Task objective: Of the lines in the data below, write out exactly those from the one holding "Saucony Endorphin Azura" through the one holding "makita_b_23690", both included.

Material shown:
***

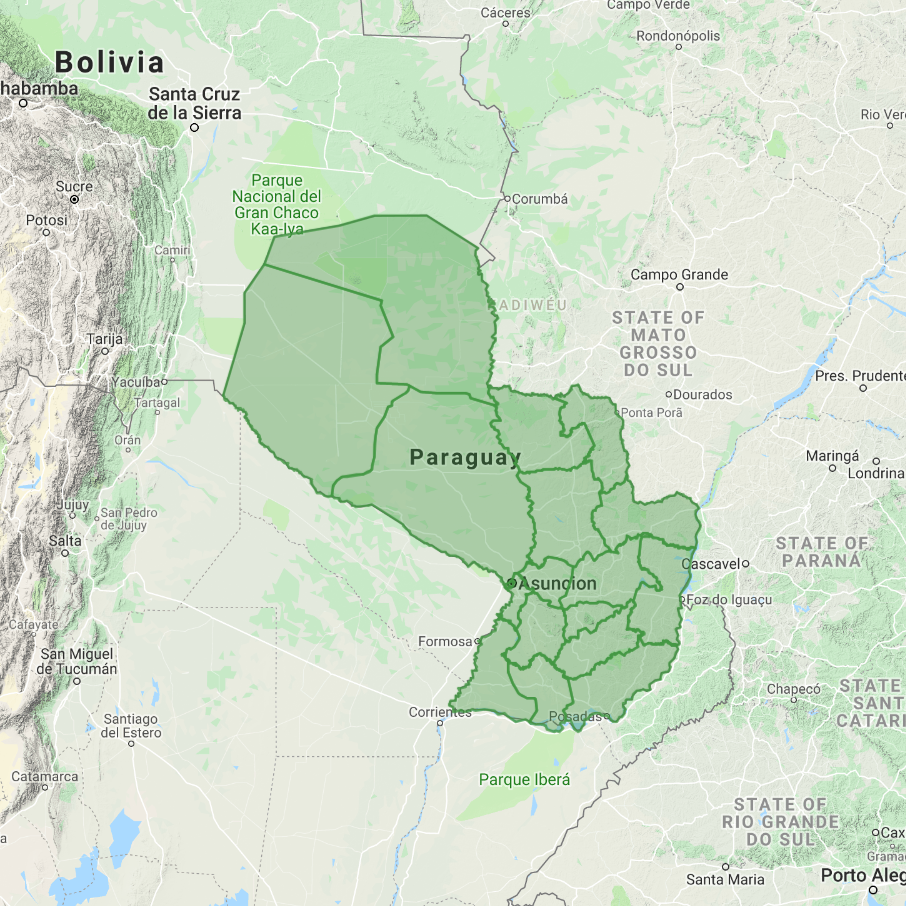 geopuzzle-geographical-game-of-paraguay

***

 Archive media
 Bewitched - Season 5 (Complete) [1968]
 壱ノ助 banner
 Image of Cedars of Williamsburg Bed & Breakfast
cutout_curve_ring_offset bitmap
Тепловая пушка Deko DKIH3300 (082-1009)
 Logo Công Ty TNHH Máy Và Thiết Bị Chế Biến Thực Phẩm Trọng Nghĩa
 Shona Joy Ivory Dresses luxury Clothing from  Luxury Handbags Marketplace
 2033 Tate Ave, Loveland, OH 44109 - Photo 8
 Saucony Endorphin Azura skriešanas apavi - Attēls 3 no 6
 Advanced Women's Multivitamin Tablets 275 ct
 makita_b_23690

***

Your solution:
 Saucony Endorphin Azura skriešanas apavi - Attēls 3 no 6
 Advanced Women's Multivitamin Tablets 275 ct
 makita_b_23690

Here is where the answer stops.